# Part-of-Speech Tagging with Recurrent Neural Networks

Your task in this assignment is to implement a simple part-of-speech tagger based on recurrent neural networks.

## Part-of-speech tagging

Part-of-speech (POS) tagging is the task of labelling words (tokens) with [parts of speech](https://en.wikipedia.org/wiki/Part_of_speech). To give an example, consider the  sentence *Parker hates parsnips*. In this sentence, the word *Parker* should be labelled as a proper noun (a noun that is the name of a person), *hates* should be labelled as a verb, and *parsnips* should be labelled as a (common) noun. Part-of-speech tagging is an essential ingredient of many state-of-the-art natural language understanding systems.

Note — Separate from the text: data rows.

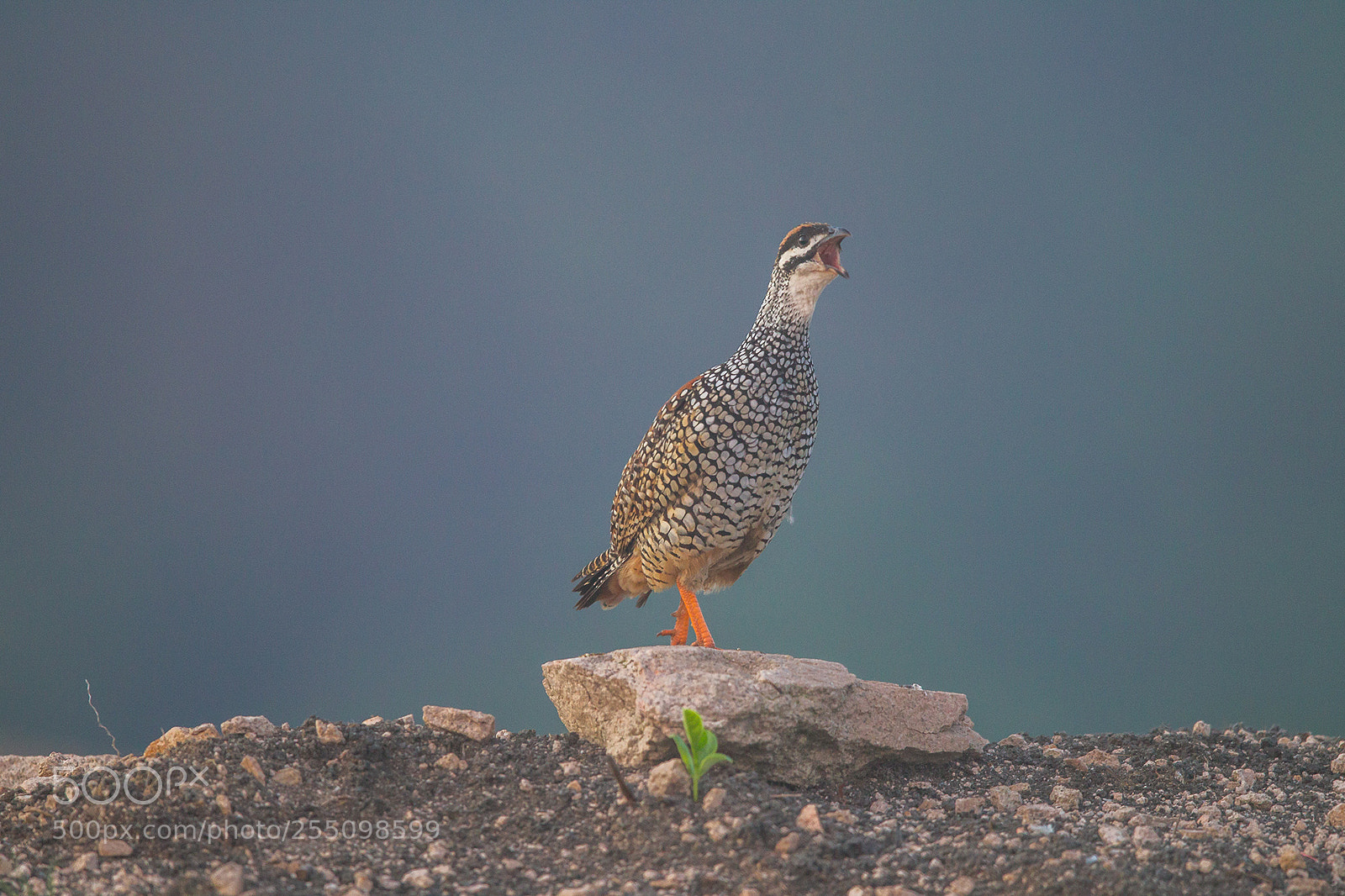 Canon EOS-1D Mark IV sample photo. China 2015 photography
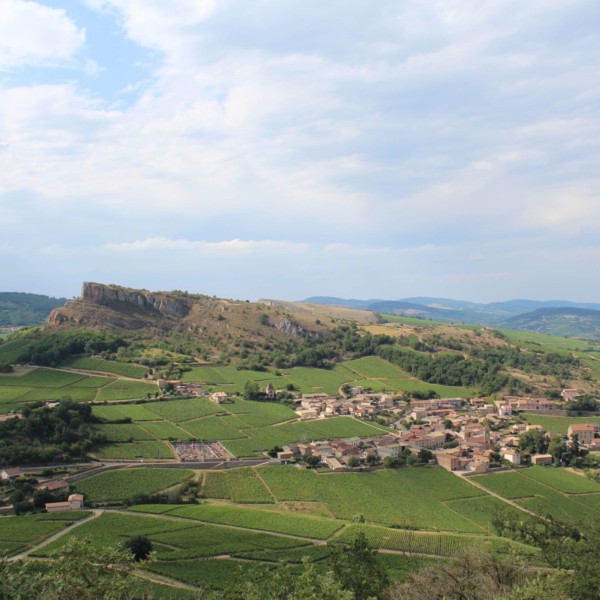 Domaine Corsin Saône et Loire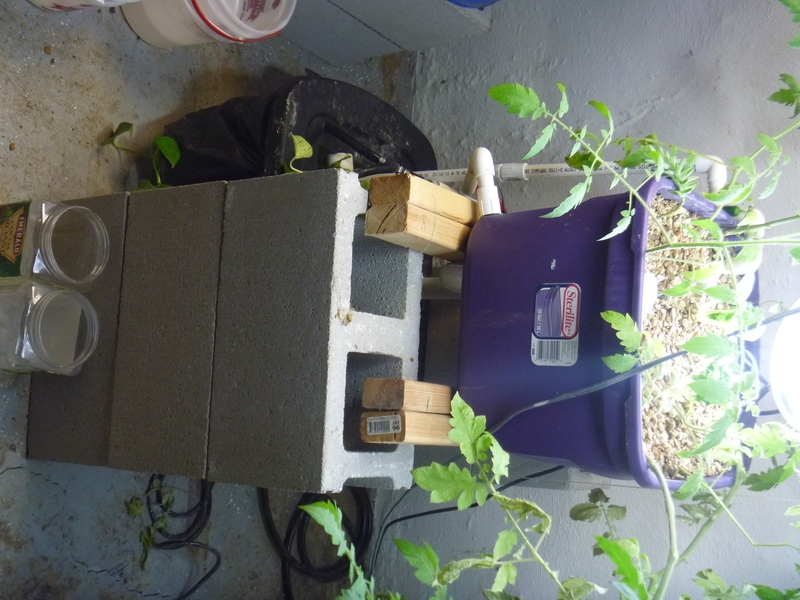 Aquaponics-System-v1.2.2012.04.3007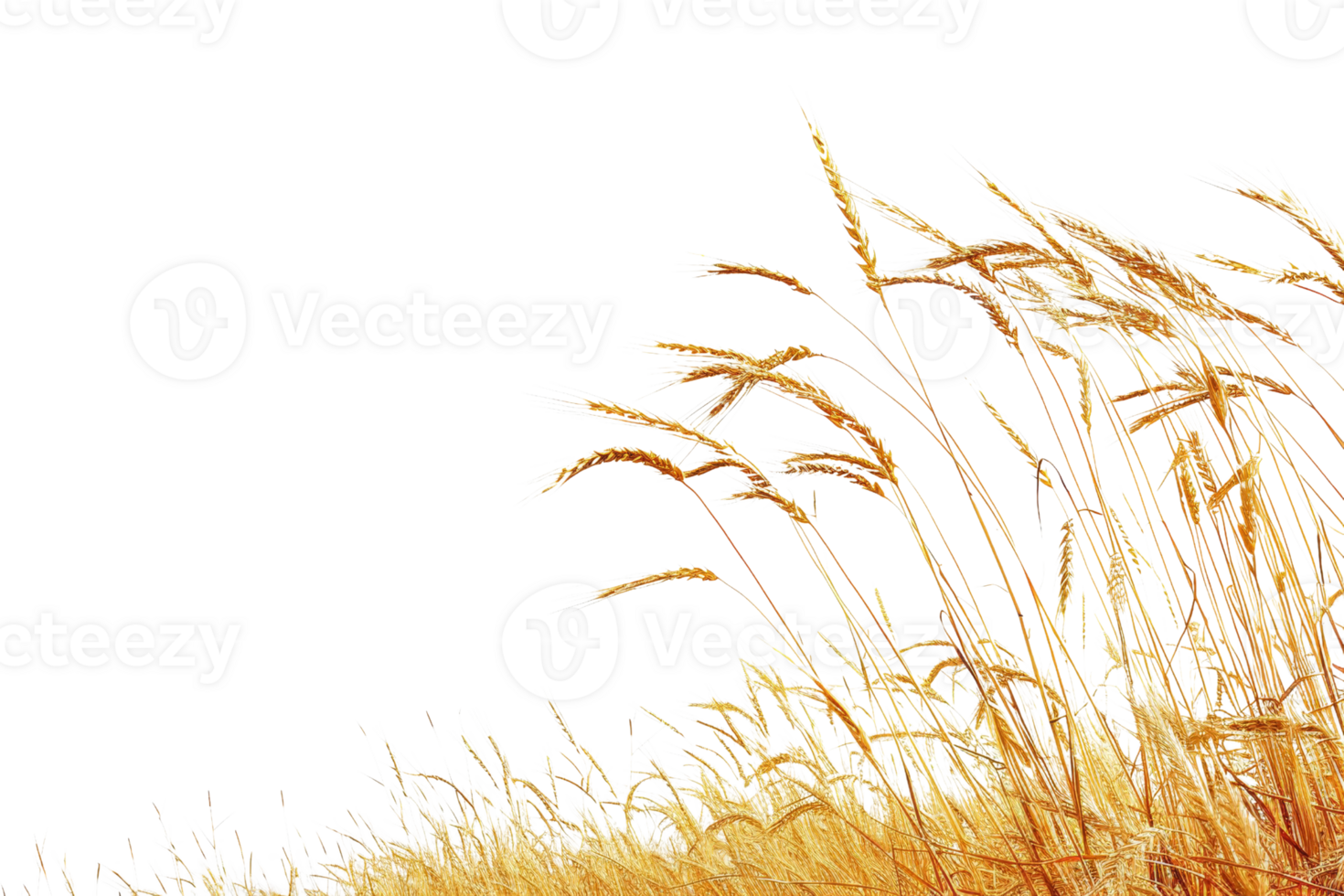 Golden wheat field against a clear blue sky, perfect for agricultural and nature-themed projects or backgrounds. png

Part-of-speech tagging can be cast as a supervised machine learning problem where the gold-standard data consists of sentences whose words have been manually annotated with parts of speech. For the present assignment you will be using a corpus built over the source material of the [English Web Treebank](https://catalog.ldc.upenn.edu/ldc2012t13), consisting of approximately 16,000&nbsp;sentences with 254,000&nbsp;tokens. The corpus has been released by the [Universal Dependencies Project](http://universaldependencies.org).

To make it easier to compare systems, the gold-standard data has been split into three parts: training, development (validation), and test. The following code uses three functions from the helper module `utils` (provided with this assignment) to load the data:

In [1]:
import utils
import keras
import numpy as np
from keras.preprocessing import sequence
from keras.models import Sequential
from keras.layers import Dense, Activation, InputLayer, Bidirectional,TimeDistributed
from keras.layers import Embedding
from keras.layers import LSTM
from keras.optimizers import Adam

training_data = list(utils.read_training_data())
print('Number of sentences in the training data: {}'.format(len(training_data)))

development_data = list(utils.read_development_data())
print('Number of sentences in the development data: {}'.format(len(development_data)))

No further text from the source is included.